I need to compute a weighted F1-score in such a way to penalize more errors over my least popular label (typical binary classification problem with an unbalanced dataset). Unfortunately, I don't get a valid F1-score. The followings are my metrics functions:
def sensitivity(y_true, y_pred):
true_positives = K.sum(K.round(K.clip(y_true * y_pred, 0, 1)))
possible_positives = K.sum(K.round(K.clip(y_true, 0, 1)))
return true_positives / (possible_positives + K.epsilon())
def specificity(y_true, y_pred):
true_negatives = K.sum(K.round(K.clip((1-y_true) * (1-y_pred), 0, 1)))
possible_negatives = K.sum(K.round(K.clip(1-y_true, 0, 1)))
return true_negatives / (possible_negatives + K.epsilon())
def f1(y_true, y_pred):
def recall(y_true, y_pred):
true_positives = K.sum(K.round(K.clip(y_true * y_pred, 0, 1)))
possible_positives = K.sum(K.round(K.clip(y_true, 0, 1)))
recall = true_positives / (possible_positives + K.epsilon())
return recall
def precision(y_true, y_pred):
true_positives = K.sum(K.round(K.clip(y_true * y_pred, 0, 1)))
predicted_positives = K.sum(K.round(K.clip(y_pred, 0, 1)))
precision = true_positives / (predicted_positives + K.epsilon())
return precision
precision = precision(y_true, y_pred)
recall = recall(y_true, y_pred)
return 2*((precision*recall)/(precision+recall))
model.compile(loss='binary_crossentropy',
optimizer=RMSprop(0.001),
metrics=[sensitivity, specificity, 'accuracy', f1])
and here I train the model and do evaluation:
model.fit(x_train, y_train, epochs=12, batch_size=32, verbose=1, class_weight=class_weights_dict, validation_split=0.3)
classes = model.predict(x_test)
loss_and_metrics = model.evaluate(x_test, y_test, batch_size=128, verbose=1)
I always get nan as f1score - is something wrong conceptually or programmatically?
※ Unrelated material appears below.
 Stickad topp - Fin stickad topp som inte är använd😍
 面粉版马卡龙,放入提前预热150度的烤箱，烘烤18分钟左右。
Because data are the same I used with another classifier of the scikit-learn library (SVM) and it succeeded.
These are results:
Epoch 1/12
5133/5133 [==============================] - 5s 976us/step - loss: 0.6955 - sensitivity: 0.0561 - specificity: 0.9377 - acc: 0.8712 - f1: nan - val_loss: 0.6884 - val_sensitivity: 0.8836 - val_specificity: 0.0000e+00 - val_acc: 0.0723 - val_f1: nan
Epoch 2/12
5133/5133 [==============================] - 5s 894us/step - loss: 0.6954 - sensitivity: 0.3865 - specificity: 0.5548 - acc: 0.5398 - f1: nan - val_loss: 0.6884 - val_sensitivity: 0.0000e+00 - val_specificity: 1.0000 - val_acc: 0.9277 - val_f1: nan
Epoch 3/12
5133/5133 [==============================] - 5s 925us/step - loss: 0.6953 - sensitivity: 0.3928 - specificity: 0.5823 - acc: 0.5696 - f1: nan - val_loss: 0.6884 - val_sensitivity: 0.0000e+00 - val_specificity: 1.0000 - val_acc: 0.9277 - val_f1: nan
Epoch 4/12
5133/5133 [==============================] - 5s 935us/step - loss: 0.6954 - sensitivity: 0.1309 - specificity: 0.8504 - acc: 0.7976 - f1: nan - val_loss: 0.6884 - val_sensitivity: 0.0000e+00 - val_specificity: 1.0000 - val_acc: 0.9277 - val_f1: nan
etc.
Final result:
[0.6859536773606656, 0.0, 1.0, 0.9321705426356589, nan]
Regarding the nan in your f1 metric:
If you look at the log, your validation sensitivity is 0. Which means your precision and recall are both zero as well. So in the f1 calculation you are dividing by zero and getting a nan.
Add K.epsilon(), as you have done in the other functions.
On a side note, judging by your loss, which had a negligible improvement on the train set, your network had learnt nothing. I'd advice you to start by increasing the number of epochs, make the network deeper and don't pass anything to the class_weight argument (you mention not using weighted computation yet, but your code does set some class weight).